In my previous article “Measure Self-Discharge Using OCV on Lithium-Ion Cells,” I covered how to measure the self-discharge rate of a lithium-on cell by observing how its open circuit voltage (OCV) drops versus time. In the article, I mentioned temperature can also cause a drop in OCV. Now, let’s explore more.
What is TCV?
The OCV of the cell is determined by the cell’s state-of-charge (SoC). However, the temperature of the cell is another important factor, as the cell’s OCV will vary with temperature. This effect is called the temperature coefficient of voltage (TCV) of the cell. It’s measured in microvolts per degree C (μV/°C).
TCV can be positive, where an upward change in temperature leads to an upward change in OCV and a downward change in temperature leads to a downward change in OCV. Likewise, TCV can be negative, where an upward change in temperature leads to a downward change in OCV and a downward change in temperature leads to an upward change in OCV. The polarity and size of the cell’s TCV is a function of the cell’s SoC (see figure).

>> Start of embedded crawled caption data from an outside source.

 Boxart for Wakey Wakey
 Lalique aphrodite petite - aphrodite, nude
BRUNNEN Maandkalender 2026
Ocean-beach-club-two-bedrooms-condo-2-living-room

This plot of TCV versus SoC of a cell shows positive, neutral, and negative TCV values.
For lithium-ion cells, a large positive TCV would be 200 to 500 μV/°C, while a large negative TCV would be −300 to −500 μV/°C.
Why Does TCV Matter?
For many applications, these small changes in OCV caused by the effect of temperature aren’t significant. However, there’s a particularly important time when TCV does matter—when you’re measuring the cell’s self-discharge.

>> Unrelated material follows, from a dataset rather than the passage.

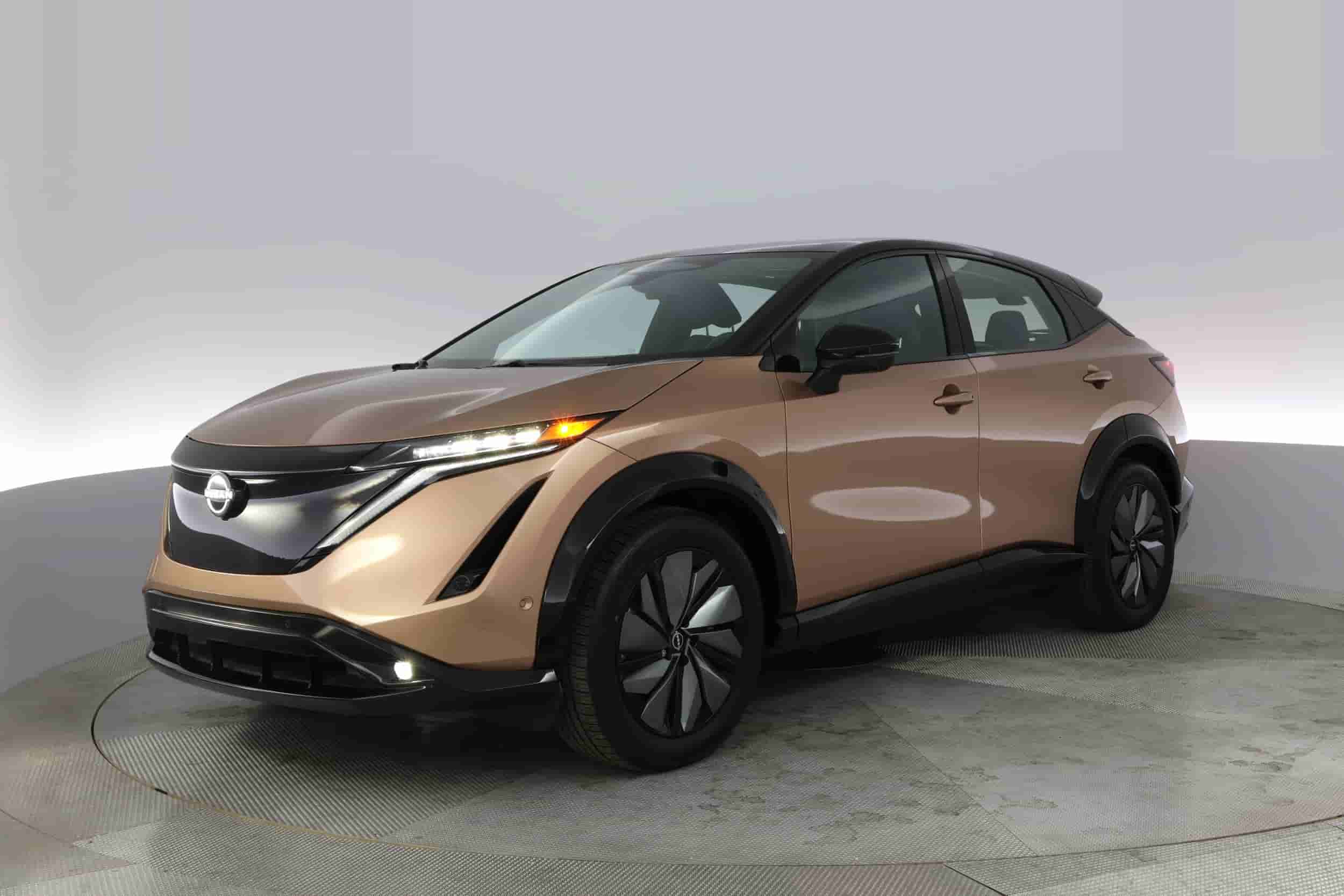 Nissan Ariya | EverCar's Co. on EverCars Co.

In my previous article, self-discharge was determined by looking at the change in OCV over time using the delta-OCV method. The delta-OCV method relies on the fact that cell OCV is a function of SoC. The delta-OCV method takes days to make a measurement. When an engineer decides to use a short time to make a delta-OCV self-discharge measurement, he will be forced to measure very small differences in OCV, such as 2 mV or less. Also in my previous article, I shared how voltmeter accuracy comes into play when delta-OCV is just a few millivolts or less. But now, let’s consider the effect of TCV.
If the cell’s OCV can change by 500 μV/°C, and the delta-OCV you’re trying to measure is only 2 mV, this temperature effect can be a very significant portion of the delta-OCV. If the temperature is held constant, then TCV won’t matter. But in a normal, well-controlled environment, temperature swings of 1 to 2°C are common. For example, with a TCV of 500 μV/°C, a 2°C change means the cell’s OCV changes by 2 × 500 μV, or 1 mV, just due to temperature. The table provides several cases showing how TCV can impact a delta-OCV measurement.

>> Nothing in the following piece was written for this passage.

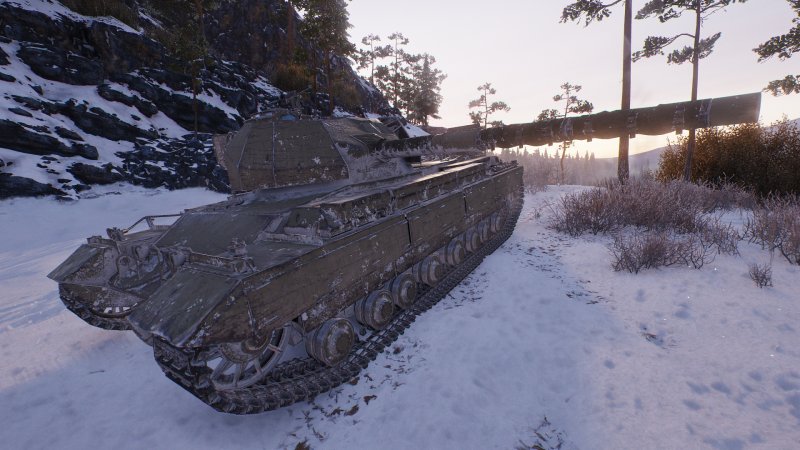 Caernarvon WOT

For case 1, the cell has a large positive TCV. When the cell experiences a 2°C downward change, its OCV is reduced by 1 mV due to temperature, which adds to the downward change in OCV caused by self-discharge. In this case, the delta-OCV is now −3 mV, with −2 mV from self-discharge plus −1 mV from temperature. The result is a delta-OCV measurement that appears 50% higher than the actual delta-OCV caused by self-discharge.
For cases 2 and 3, the cell has a small TCV; therefore, the OCV change caused by temperature is negligible. When TCV is small, no special consideration needs to be made to account for temperature effects on OCV.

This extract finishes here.